Filogeni bahasa mengungkapkan kecepatan perkembangan budaya utama di Pasifik. Ketika bangsa Austronesia menyebar di sepanjang Nugini dan ke Kepulauan Solomon, mereka mengembangkan kompleks budaya Lapita melalui interaksi dengan populasi yang ada di Oseania Dekat.

Kompleks ini mencakup tembikar yang khas dan seringkali dihias dengan rumit, kapak, ornamen cangkang, tato, dan kain kulit kayu. Filogeni menunjukkan bahwa hanya ada jendela waktu yang sangat kecil bagi kompleks ini untuk berkembang.

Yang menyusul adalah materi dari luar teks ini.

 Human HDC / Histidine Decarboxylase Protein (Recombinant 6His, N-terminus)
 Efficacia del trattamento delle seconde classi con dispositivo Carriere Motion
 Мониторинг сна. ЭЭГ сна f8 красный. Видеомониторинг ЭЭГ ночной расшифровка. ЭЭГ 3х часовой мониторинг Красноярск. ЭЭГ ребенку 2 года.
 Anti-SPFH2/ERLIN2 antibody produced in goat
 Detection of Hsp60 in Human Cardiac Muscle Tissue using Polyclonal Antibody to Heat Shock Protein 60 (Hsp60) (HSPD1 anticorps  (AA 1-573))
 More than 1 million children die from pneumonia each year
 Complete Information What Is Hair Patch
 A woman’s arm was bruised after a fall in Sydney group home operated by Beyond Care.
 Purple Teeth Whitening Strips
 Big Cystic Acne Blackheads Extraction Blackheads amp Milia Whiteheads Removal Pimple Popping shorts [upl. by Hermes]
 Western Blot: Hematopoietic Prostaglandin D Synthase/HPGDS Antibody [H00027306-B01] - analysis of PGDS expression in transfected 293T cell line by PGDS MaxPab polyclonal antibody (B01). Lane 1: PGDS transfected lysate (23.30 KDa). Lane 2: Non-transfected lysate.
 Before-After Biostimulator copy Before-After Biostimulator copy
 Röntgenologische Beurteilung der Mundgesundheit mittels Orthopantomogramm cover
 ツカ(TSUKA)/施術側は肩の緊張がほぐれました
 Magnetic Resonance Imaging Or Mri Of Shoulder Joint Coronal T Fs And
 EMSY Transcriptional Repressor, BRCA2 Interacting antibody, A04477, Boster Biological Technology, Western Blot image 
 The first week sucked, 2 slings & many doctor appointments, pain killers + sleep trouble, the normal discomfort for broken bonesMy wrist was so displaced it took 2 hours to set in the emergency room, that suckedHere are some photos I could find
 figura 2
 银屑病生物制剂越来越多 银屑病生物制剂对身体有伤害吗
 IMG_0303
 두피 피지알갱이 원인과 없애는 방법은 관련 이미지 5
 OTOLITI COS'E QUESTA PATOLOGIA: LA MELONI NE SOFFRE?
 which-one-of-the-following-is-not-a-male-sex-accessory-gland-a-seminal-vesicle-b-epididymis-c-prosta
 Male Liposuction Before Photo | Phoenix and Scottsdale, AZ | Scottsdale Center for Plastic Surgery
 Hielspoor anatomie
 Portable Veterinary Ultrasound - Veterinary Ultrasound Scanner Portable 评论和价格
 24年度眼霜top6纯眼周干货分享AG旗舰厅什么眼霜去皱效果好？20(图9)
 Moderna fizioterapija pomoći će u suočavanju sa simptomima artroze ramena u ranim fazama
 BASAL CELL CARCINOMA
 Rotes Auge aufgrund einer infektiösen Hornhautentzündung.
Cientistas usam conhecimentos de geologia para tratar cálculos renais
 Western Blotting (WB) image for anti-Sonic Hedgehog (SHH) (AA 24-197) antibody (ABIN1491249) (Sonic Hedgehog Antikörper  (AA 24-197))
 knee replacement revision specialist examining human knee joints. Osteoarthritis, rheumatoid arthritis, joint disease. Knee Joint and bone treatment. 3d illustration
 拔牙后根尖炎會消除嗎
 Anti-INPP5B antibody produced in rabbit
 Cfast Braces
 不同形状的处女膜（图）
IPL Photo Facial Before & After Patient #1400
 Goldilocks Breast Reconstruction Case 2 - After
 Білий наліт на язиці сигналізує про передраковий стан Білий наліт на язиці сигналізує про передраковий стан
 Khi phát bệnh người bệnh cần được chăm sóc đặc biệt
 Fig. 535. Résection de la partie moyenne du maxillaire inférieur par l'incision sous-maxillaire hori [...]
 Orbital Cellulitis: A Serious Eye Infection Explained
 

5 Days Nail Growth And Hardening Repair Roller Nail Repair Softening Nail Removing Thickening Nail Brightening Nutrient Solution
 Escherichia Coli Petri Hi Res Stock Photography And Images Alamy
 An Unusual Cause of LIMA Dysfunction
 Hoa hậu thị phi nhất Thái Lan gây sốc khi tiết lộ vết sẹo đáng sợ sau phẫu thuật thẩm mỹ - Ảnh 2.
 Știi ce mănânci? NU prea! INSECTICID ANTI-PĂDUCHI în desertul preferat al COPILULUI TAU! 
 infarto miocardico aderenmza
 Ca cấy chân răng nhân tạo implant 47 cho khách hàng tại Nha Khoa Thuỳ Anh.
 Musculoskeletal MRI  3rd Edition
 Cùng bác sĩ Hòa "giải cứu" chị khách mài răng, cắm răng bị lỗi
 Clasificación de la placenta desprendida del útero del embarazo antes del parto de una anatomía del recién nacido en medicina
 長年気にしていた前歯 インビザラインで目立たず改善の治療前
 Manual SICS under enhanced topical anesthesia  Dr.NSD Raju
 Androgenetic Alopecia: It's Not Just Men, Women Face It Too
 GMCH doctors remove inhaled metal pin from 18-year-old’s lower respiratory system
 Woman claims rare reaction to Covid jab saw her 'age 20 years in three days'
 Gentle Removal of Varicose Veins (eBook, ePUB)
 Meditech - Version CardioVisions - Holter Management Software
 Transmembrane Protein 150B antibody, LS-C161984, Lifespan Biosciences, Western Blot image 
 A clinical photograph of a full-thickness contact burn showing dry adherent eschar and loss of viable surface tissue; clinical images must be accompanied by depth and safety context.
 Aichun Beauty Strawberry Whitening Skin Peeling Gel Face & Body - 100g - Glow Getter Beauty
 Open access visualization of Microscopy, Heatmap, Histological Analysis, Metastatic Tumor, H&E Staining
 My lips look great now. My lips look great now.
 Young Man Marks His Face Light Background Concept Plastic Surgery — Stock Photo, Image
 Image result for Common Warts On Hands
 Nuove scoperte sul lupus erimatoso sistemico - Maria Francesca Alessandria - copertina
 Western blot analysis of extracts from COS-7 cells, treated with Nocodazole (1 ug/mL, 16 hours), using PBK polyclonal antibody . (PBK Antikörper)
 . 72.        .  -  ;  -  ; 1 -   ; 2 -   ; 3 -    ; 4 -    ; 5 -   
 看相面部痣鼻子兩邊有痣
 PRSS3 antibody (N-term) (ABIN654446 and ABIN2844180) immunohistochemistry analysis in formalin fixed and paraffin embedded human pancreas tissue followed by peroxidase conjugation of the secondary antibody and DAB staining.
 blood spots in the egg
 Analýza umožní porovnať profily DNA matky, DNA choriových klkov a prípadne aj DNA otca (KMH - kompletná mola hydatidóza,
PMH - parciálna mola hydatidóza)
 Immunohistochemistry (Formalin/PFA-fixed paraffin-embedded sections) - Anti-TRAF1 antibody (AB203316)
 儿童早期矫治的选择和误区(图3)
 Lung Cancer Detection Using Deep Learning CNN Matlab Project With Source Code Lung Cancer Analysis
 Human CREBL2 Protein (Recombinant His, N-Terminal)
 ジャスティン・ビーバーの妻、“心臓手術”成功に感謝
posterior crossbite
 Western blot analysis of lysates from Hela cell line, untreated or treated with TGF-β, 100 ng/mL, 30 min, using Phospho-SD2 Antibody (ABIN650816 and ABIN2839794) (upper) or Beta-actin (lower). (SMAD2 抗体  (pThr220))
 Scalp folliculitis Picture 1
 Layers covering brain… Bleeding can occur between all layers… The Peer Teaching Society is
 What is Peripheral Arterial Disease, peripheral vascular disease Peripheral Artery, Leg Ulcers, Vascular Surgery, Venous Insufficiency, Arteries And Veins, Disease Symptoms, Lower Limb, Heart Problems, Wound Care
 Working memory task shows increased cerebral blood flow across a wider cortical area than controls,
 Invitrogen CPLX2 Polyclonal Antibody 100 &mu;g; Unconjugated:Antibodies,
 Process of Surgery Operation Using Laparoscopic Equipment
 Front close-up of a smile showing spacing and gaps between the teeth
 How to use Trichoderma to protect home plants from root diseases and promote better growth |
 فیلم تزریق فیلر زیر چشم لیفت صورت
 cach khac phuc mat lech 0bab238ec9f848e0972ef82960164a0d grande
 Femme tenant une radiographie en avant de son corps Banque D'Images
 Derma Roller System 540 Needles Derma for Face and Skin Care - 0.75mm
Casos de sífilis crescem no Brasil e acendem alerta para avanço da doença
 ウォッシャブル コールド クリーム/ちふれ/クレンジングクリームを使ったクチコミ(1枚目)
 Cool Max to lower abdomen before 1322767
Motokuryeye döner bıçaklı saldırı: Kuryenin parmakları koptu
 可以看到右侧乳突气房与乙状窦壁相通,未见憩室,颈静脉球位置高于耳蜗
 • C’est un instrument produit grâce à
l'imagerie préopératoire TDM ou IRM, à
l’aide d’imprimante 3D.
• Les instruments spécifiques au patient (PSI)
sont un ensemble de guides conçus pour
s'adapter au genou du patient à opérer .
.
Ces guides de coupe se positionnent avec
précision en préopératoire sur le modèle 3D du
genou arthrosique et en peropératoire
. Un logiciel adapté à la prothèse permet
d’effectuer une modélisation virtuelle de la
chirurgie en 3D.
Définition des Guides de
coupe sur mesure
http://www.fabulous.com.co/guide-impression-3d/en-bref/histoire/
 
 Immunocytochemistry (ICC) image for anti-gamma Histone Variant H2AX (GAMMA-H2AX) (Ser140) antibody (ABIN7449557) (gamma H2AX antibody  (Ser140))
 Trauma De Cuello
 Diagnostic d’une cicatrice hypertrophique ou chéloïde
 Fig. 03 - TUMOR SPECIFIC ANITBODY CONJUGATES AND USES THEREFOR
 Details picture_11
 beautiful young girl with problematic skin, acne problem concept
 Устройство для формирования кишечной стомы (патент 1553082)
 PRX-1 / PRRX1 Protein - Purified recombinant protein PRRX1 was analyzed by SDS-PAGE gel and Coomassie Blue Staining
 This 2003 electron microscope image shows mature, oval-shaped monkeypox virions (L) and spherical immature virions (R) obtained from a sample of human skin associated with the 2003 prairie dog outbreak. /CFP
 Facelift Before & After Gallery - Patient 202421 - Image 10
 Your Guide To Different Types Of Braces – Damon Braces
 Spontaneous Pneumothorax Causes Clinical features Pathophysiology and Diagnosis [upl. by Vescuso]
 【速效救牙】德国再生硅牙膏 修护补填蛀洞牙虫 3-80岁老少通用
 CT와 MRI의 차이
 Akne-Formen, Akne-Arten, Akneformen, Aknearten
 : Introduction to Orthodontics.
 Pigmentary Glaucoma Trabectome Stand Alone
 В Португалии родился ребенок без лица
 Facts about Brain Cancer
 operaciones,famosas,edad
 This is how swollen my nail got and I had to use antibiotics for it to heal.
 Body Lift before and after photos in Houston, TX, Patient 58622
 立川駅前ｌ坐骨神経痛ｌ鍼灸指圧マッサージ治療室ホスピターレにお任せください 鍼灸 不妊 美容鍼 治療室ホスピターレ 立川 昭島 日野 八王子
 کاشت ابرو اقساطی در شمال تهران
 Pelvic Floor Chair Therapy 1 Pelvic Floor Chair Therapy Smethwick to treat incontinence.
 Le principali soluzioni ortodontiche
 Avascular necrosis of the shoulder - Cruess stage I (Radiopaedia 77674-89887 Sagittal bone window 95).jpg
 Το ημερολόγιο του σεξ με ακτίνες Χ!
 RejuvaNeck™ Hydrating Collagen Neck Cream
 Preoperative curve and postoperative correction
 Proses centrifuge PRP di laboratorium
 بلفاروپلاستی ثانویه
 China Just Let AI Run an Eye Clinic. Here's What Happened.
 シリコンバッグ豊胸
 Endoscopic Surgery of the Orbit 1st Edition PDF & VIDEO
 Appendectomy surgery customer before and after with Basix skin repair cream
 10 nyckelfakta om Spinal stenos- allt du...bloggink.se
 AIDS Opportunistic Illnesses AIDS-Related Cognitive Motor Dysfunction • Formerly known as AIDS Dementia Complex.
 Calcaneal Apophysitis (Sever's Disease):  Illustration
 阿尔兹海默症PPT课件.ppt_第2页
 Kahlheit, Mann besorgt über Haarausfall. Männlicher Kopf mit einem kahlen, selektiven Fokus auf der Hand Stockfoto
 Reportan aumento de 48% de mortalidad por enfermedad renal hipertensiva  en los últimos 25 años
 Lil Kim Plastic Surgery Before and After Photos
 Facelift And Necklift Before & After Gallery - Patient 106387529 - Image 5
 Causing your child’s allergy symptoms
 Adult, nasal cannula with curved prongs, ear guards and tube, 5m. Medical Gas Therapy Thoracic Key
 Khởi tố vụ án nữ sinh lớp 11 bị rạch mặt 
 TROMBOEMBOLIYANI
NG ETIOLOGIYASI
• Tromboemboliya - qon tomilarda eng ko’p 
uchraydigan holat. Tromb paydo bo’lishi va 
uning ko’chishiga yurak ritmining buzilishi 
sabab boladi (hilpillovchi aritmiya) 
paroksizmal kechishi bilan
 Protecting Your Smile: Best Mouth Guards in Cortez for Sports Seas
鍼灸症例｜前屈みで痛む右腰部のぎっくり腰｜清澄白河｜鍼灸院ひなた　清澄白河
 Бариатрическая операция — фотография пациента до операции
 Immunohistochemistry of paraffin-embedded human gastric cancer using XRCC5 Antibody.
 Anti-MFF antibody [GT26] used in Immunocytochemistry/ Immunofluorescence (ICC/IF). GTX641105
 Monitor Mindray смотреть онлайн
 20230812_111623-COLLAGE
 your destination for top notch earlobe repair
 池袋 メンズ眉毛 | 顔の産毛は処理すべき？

Berdasarkan umur clade Malayo-Polinesia Timur bangsa Austronesia memasuki wilayah Halmahera Selatan/West New Guinea pada sekitar 3680 tahun B.P.
(95% HPD, 3640 hingga 3.710 tahun B.P.), dan telah mencapai Oseania Terpencil pada 3575 tahun B.P. (95% HPD, 3560 hingga 3590 tahun B.P.). Tingginya tingkat campuran bias laki-laki yang terdeteksi dalam studi genetik Polinesia pasti terjadi selama rentang waktu yang sangat singkat ini (sekitar empat generasi), dengan pejantan Melanesia yang secara aktif tergabung dalam ekspansi Austronesia, atau ada kontak pasca-penyelesaian yang diperpanjang antara Oseania Dekat
dan Polinesia. 

Hasil yang disajikan di sini menunjukkan kekuatan gabungan metode filogenetik Bayesian dan database leksikal yang besar untuk menyelesaikan pertanyaan tentang prasejarah manusia. Sama seperti filogeni molekuler yang menyediakan kerangka dasar untuk studi evolusi biologis, filogeni bahasa membuka kemungkinan yang menarik dari pendekatan Darwin terhadap evolusi budaya berdasarkan metode filogenetik yang ketat.